Who's Shoes to Wear?

Our perspective is vital to us but also easy to get trapped, become trapped in one power of focus and miss out on all the other angles from which to see things. In a way, we know we do it. We know that we decided to only view things from one perspective. In a way, it is necessary to maintain a focus to stay headed in one direction. The cliché about walking in someone else’s shoes or the phrase “if I were you” get at the idea that we don’t see things the way they truly are but the way that we want to see them. It’s fine to not consider other perspectives if the one we have is right, but what if it is wrong? It’s fine to live most of the time from one perspective, but it should be a decision to live in that perspective. It’s important to think about the shoes we are in, and the shoes that others are in. Important to know and understand why we do things that we do and why people do the things that they do. It will help make a lot of sense out of things that would otherwise make no sense at all and also help us to relate to and understand other people.

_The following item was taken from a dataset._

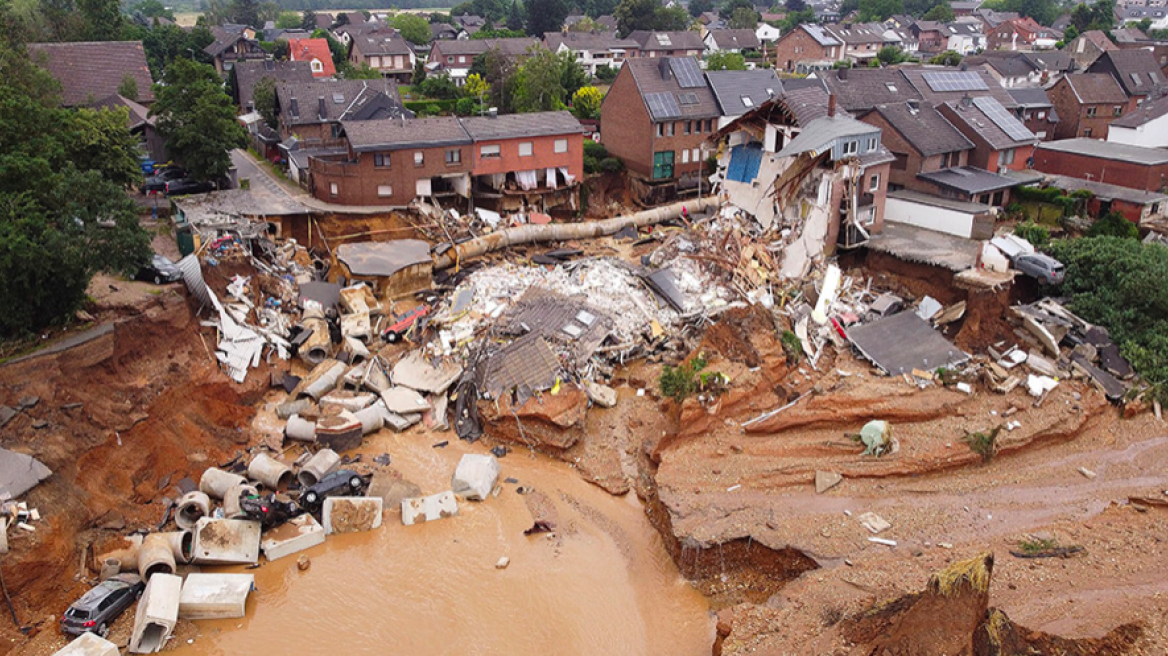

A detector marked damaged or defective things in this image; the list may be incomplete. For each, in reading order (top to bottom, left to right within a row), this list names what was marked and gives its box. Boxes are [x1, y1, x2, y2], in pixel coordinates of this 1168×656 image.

So, there is a balance between walking in the shoes that you are in, and considering what it is like to walk in the shoes of others as well. We can become hostages to thoughtlessness if we do not consider the thoughts, lives, and actions of others. But, we can also become distracted and unfocused in life if we only consider others and what they would do. It’s another one of life’s balances. It seems that so much of life is learning to maintain a balance of two opposite things for which the middle between them is the ideal.